#### Action item
Please output only the lines running from the one that contains "Live Fast, Eat" through the last line of the data below, exactly as they stand, with no pictures.

START Supplied material

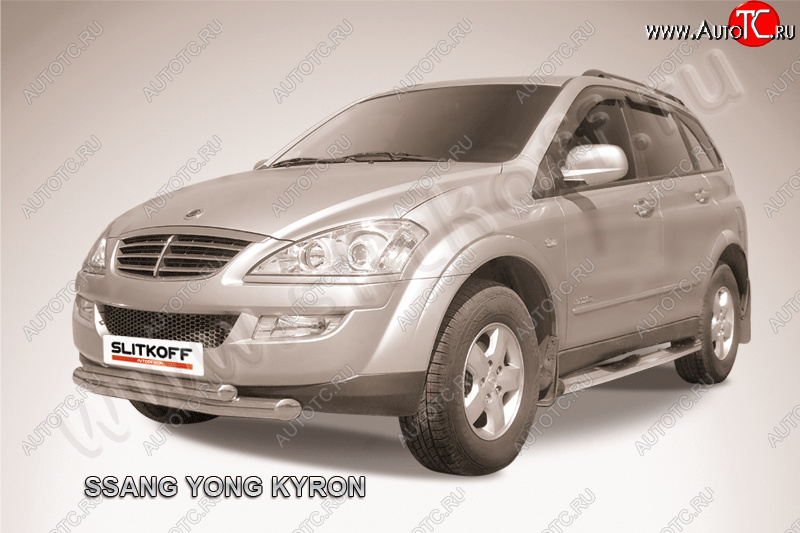 15 449 р. Защита переднего бампера Slitkoff (Ø76+57 мм).  SSANGYONG Kyron (2007-2016) рестайлинг (полированная нержавейка)  с доставкой в г. Керчь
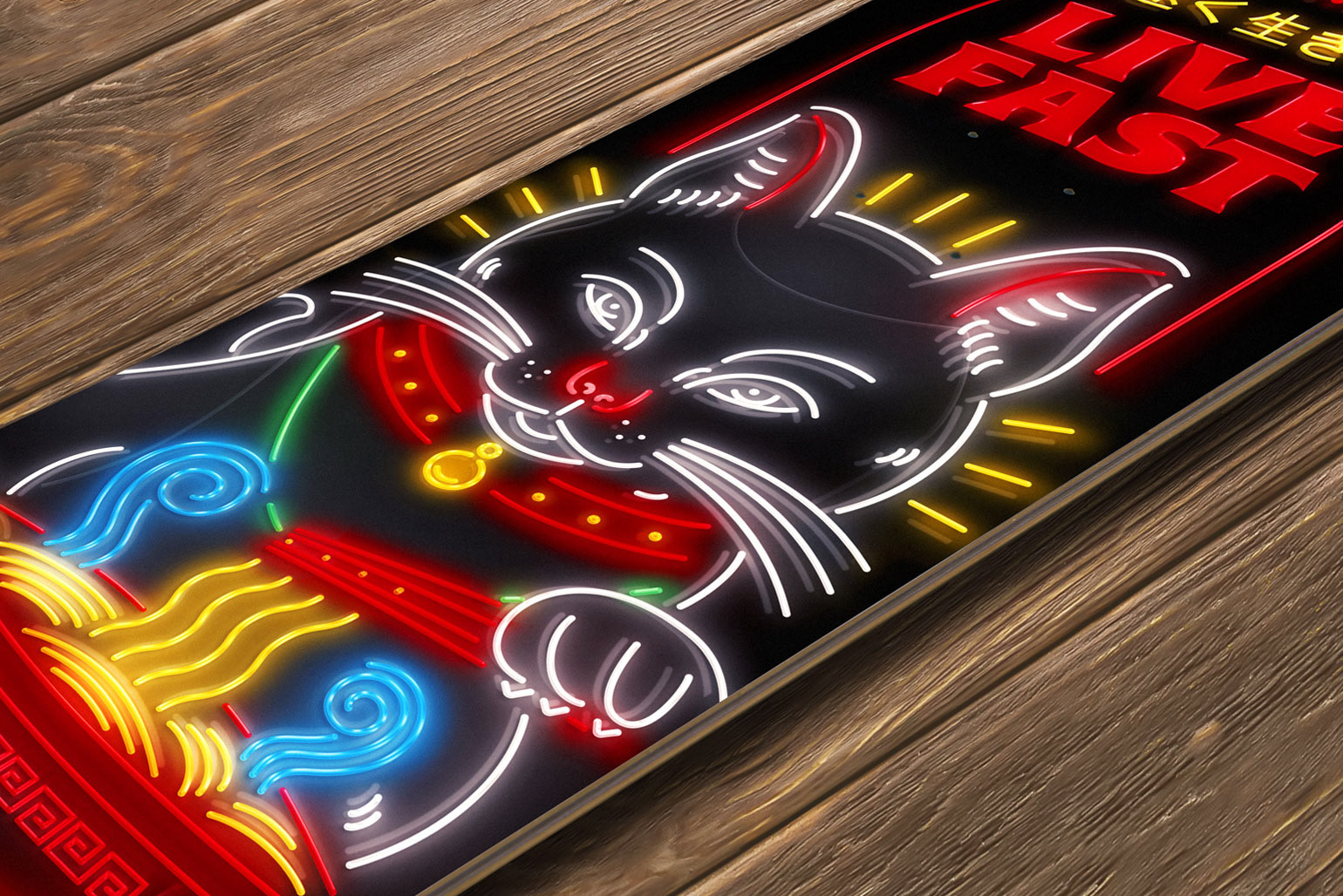 Live Fast, Eat Spicy Neon Skateboard Japanese Design by Jeffrey Dirkse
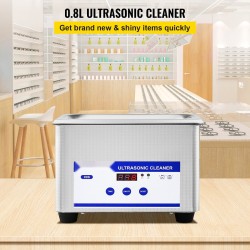 Ultraäänipesuri 0,8 l 304-ruostumaton teräsallas 40 kHz 24 W ajastin LED-näytöllä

END Supplied material

#### Response
 Live Fast, Eat Spicy Neon Skateboard Japanese Design by Jeffrey Dirkse
 Ultraäänipesuri 0,8 l 304-ruostumaton teräsallas 40 kHz 24 W ajastin LED-näytöllä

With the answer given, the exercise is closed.